The DYT1 gene responsible for early-onset, idiopathic torsion dystonia (ITD) in the Ashkenazi Jewish population, as well as in one large non-Jewish family, has been mapped to chromosome 9q32-34. Using (GT)n and RFLP markers in this region, we have identified obligate recombination events in some of these Jewish families, which further delineate the area containing the DYT1 gene to a 6-cM region bounded by loci AK1 and ASS. In 52 unrelated, affected Ashkenazi Jewish individuals, we have found highly significant linkage disequilibrium between a particular extended haplotype at the ABL-ASS loci and the DYT1 gene. The 4/A12 haplotype for ABL-ASS is present on 69% of the disease-bearing chromosomes among affected Jewish individuals and on only 1% of control Jewish chromosomes (χ2 = 91.07, P << .001).
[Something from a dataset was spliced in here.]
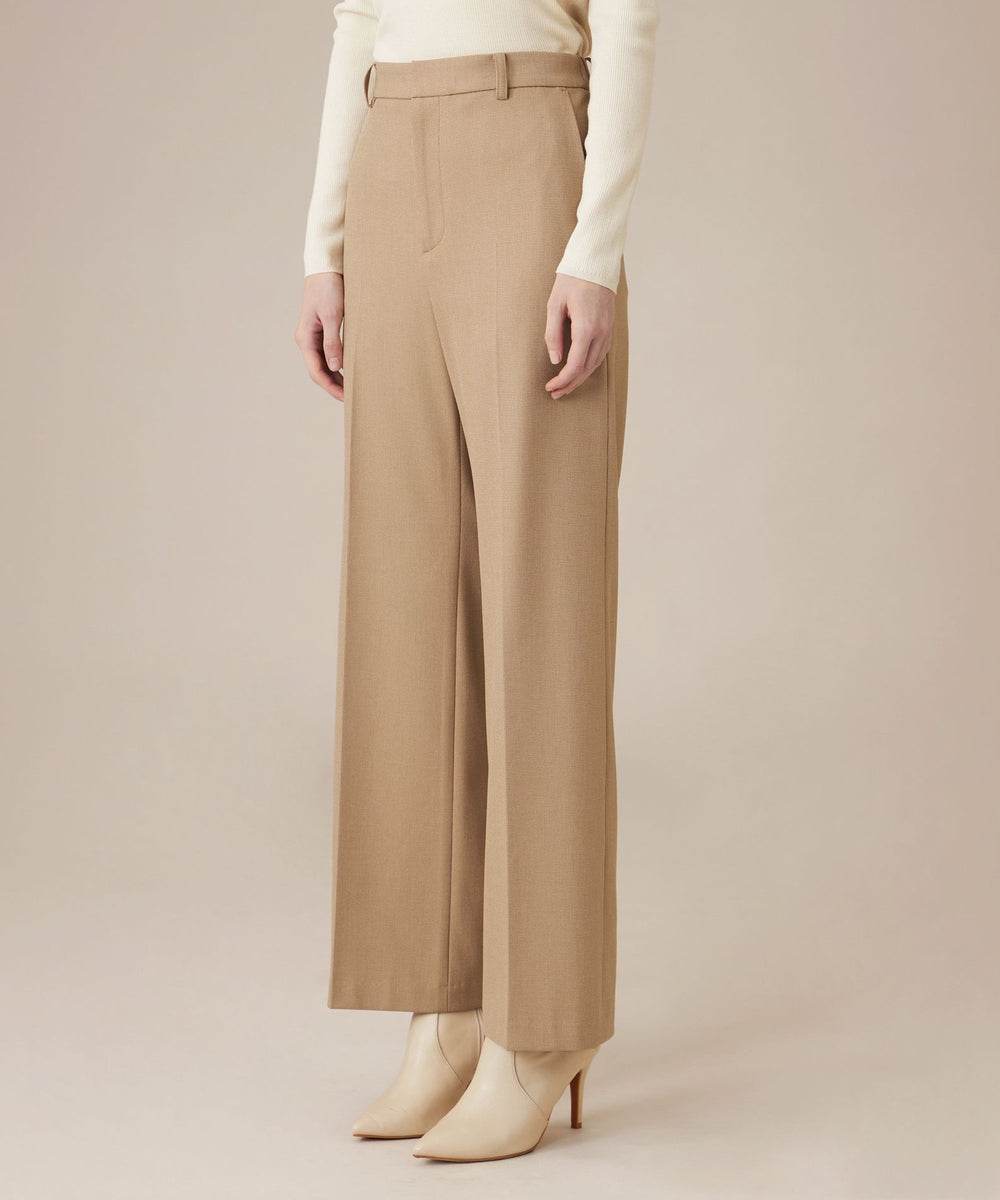 ブラッシュドツイルパンツ(パンツ)｜MACKINTOSH LONDON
The allelic association between this extended haplotype and DYT1 predicts that these three genes lie within 1-2 cM of each other; on the basis of obligate recombination events, the DYT1 gene is centromeric to ASS. Furthermore, this allelic association supports the idea that a single mutation event is responsible for most hereditary cases of dystonia in the Jewish population. Of the 53 definitely affecteds typed, 13 appear to be sporadic, with no family history of dystonia. However, the proportion of sporadic cases which potentially carry the A12 haplotype at ASS (8/13 [62%]) is similar to the proportion of familial cases with A12 (28/40 [70%]). This suggests that many sporadic cases are hereditary, that the disease gene frequency is greater than 1/15,000, and that the penetrance is lower than 30%, as previously estimated in this population. Most affected individuals were heterozygous for the ABL-ASS haplotype, a finding supporting autosomal dominant inheritance of the DYT1 gene. The ABL-ASS extended-haplotype status will provide predictive value for carrier status in Jewish individuals. This information can be used for molecular diagnosis, evaluation of subclinical expression of the disease, and elucidation of environmental factors which may modify clinical symptoms.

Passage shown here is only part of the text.